Top of DATA EXTRACTS

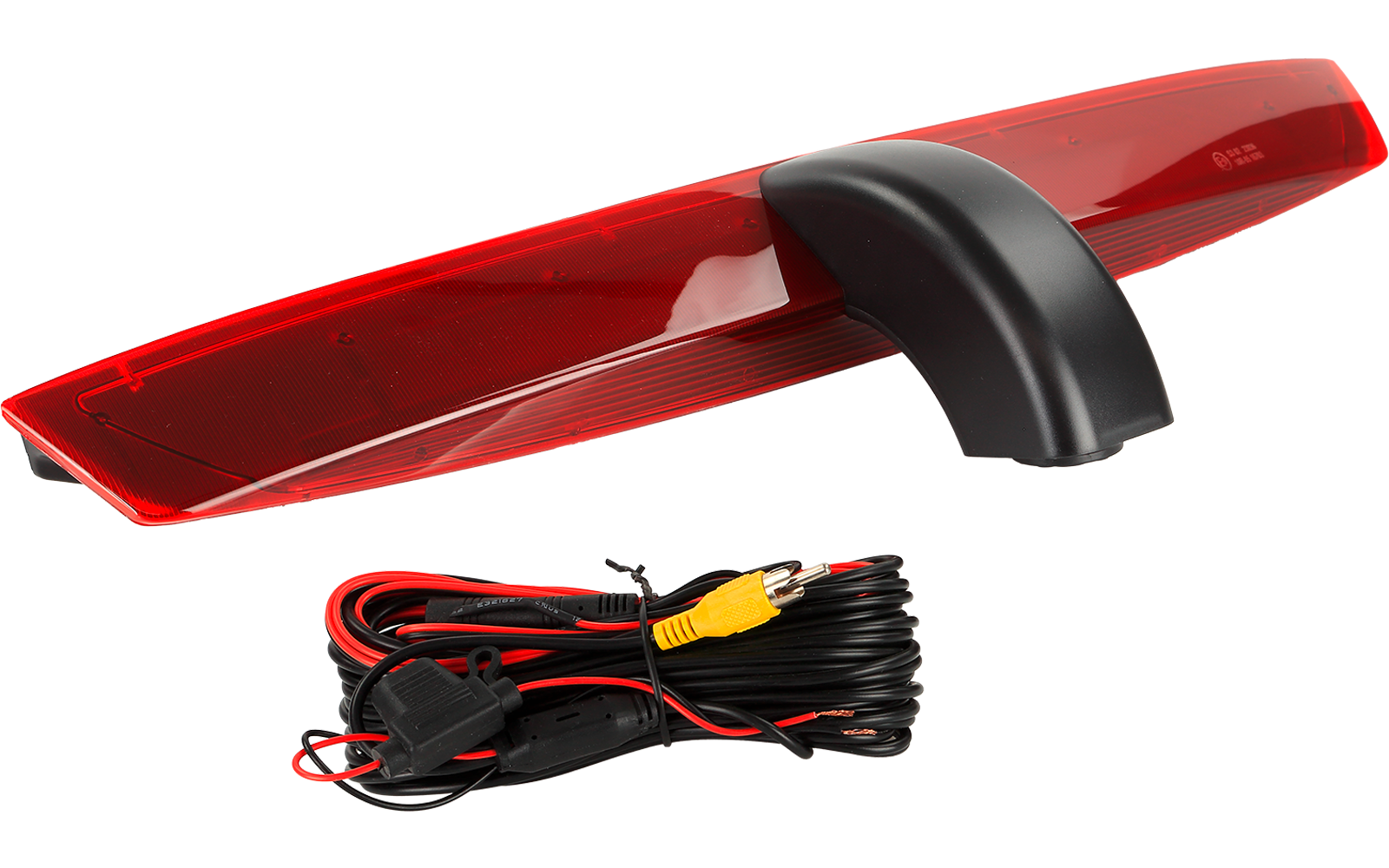 Rotes, längliches, transparentes Kunststoffteil mit schwarzer Halterung; daneben ein Kabelbündel mit gelbem Cinch-Stecker und roten sowie schwarzen Klemmen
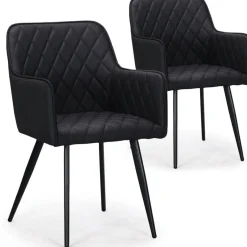 3S. x Home Lot de 2 Chaises es KENT Noir Sale
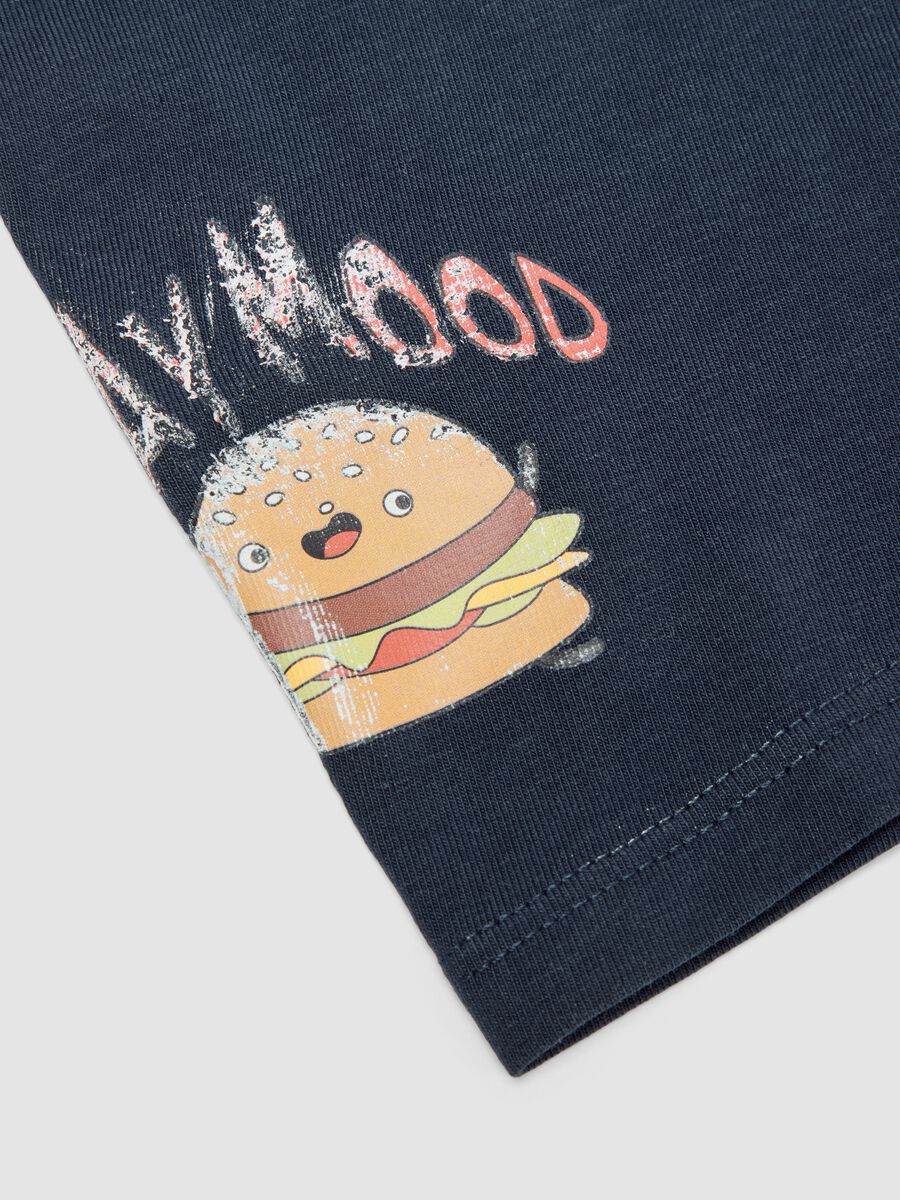 Boxer midi blu in cotone organico elasticizzato con stampa hamburger_2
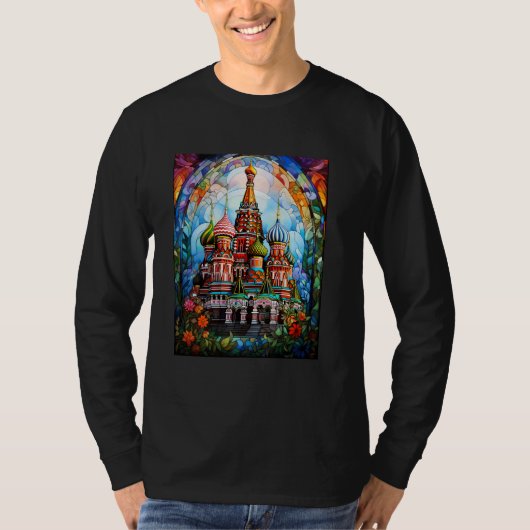 ステンドグラススタイル聖バジル大聖堂 Tシャツ (正面)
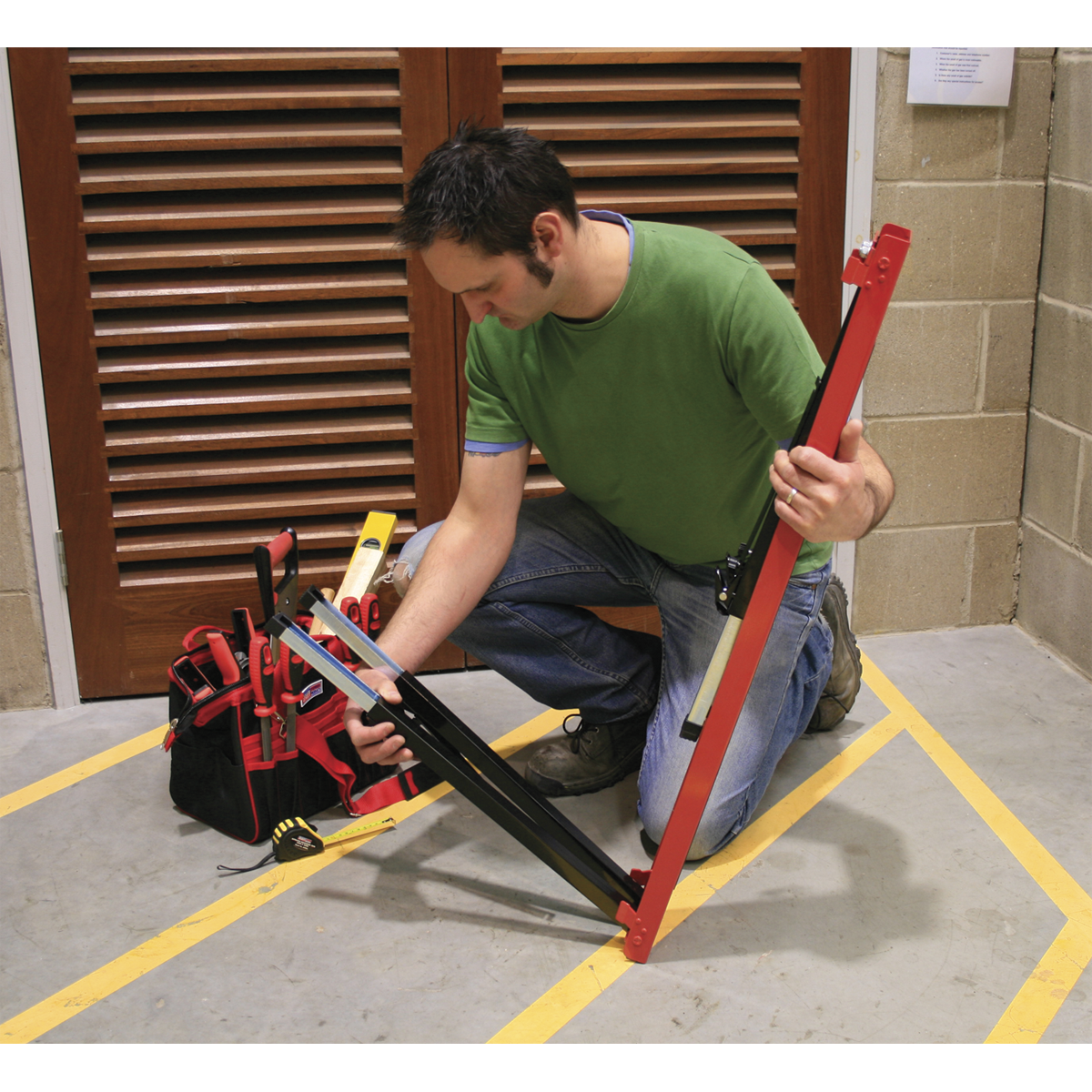 Sealey Fold Down Trestle Pair With Adjustable Height Legs & Anti-Slip Mat FTAL12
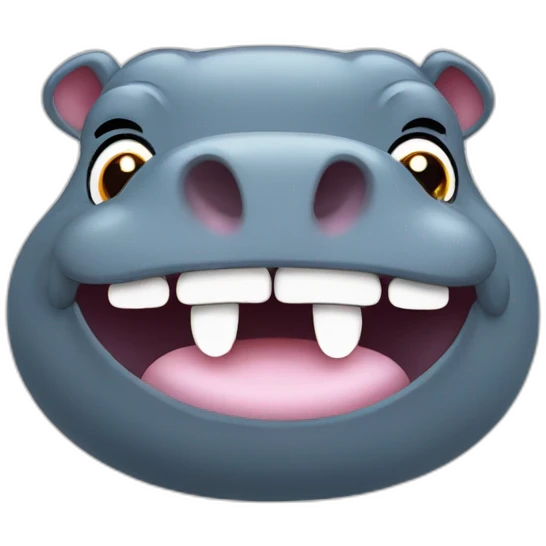 Hippopotamus with a shiny smile emoji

Bottom of DATA EXTRACTS

= REQUIRED ACTION =
What you return must match the material above exactly, apart from its pictures.

= WRITTEN REPLY =
 Rotes, längliches, transparentes Kunststoffteil mit schwarzer Halterung; daneben ein Kabelbündel mit gelbem Cinch-Stecker und roten sowie schwarzen Klemmen
 3S. x Home Lot de 2 Chaises es KENT Noir Sale
 Boxer midi blu in cotone organico elasticizzato con stampa hamburger_2
 ステンドグラススタイル聖バジル大聖堂 Tシャツ (正面)
 Sealey Fold Down Trestle Pair With Adjustable Height Legs & Anti-Slip Mat FTAL12
 Hippopotamus with a shiny smile emoji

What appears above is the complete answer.